A Tharavadu is an Ancestral Home/ഈ തറവാട്ടിൽ ഒരു ആത്മാവ് ഉണ്ട്

(2023 - 2024)

A Tharavadu is an Ancestral Home/ee tharavadu oru aatmavu indu was my BFA senior thesis film. It is a stop-motion and "cel" animated mourning of my grandfather (who passed in 2020) and my relationship with my mother tongue, Malayalam. While working on this film I also put together a journal filled with poetry, ruminations and insights into my craft. Its a little personal to be putting on the web, but if you're interested in reading it, please send me an email at mvazhappillyart@gmail.com

'A Tharavadu is An Ancestral Home/ee tharavadu oru aatmavu indu' is a stop-motion and cel-animated short about a young woman who returns to her grandfather’s home in hopes of saying goodbye to his ghost. Instead, she finds only memories of mistranslations and misunderstandings that complicated their lived relationship.

Artist's statement

My parents - ‘brain drain’ immigrants from India - were naturalized in the US a few years after I was born, making me the first American citizen in my family. My tongue is tied to English, while my parents and grandparents both speak mixtures of Malayalam, Tamil, Hindi, Marathi, and English due to their own journeys from Kerala to Mumbai to the States. Because of this literal and linguistic separation from the land I’m meant to come from, I’ve begun to understand my own history through the many cloudy layers and languages it has filtered through. Often, I am struck by how much my distance from the ancestral home - the tharavadu - has framed my life.
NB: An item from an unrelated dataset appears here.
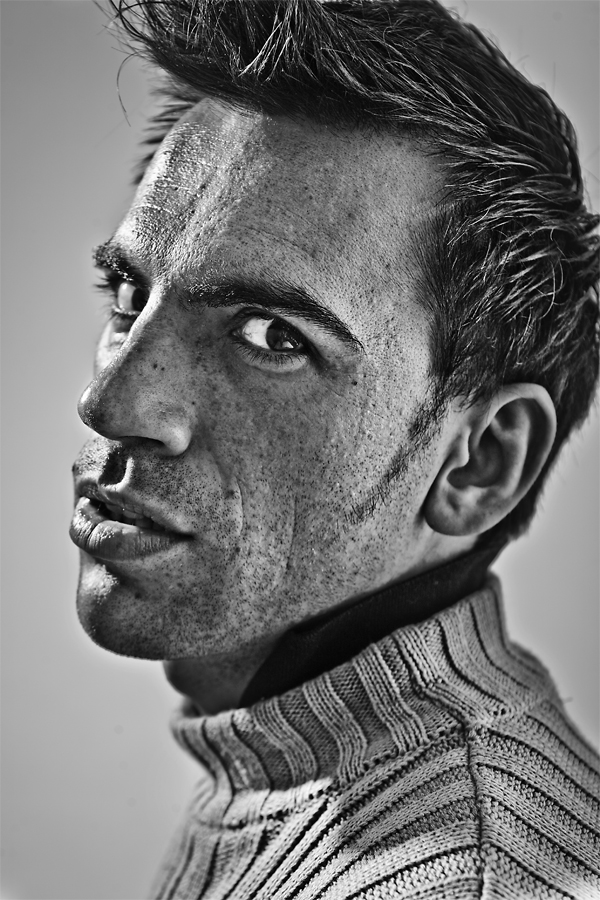 Male model photo shoot of bartekb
I am entranced by the grain, texture, and clutter of old family photos taken on greying-out film, the surreal and often camp intensity of 70s-90s Bollywood films, and the glow of cel animation. I find materiality and maximalism tie me down to the real world. I am taken home by stories that feature women undergoing catharsis - losing themselves to grief, rage, or joy with cameras and words trained on their every move. It is in the gaps that I make tangible the histories that were once only ephemerally accessible to me through the flighty ideas my parents couldn’t quite translate to English, those I could only barely understand in my mother’s-tongues.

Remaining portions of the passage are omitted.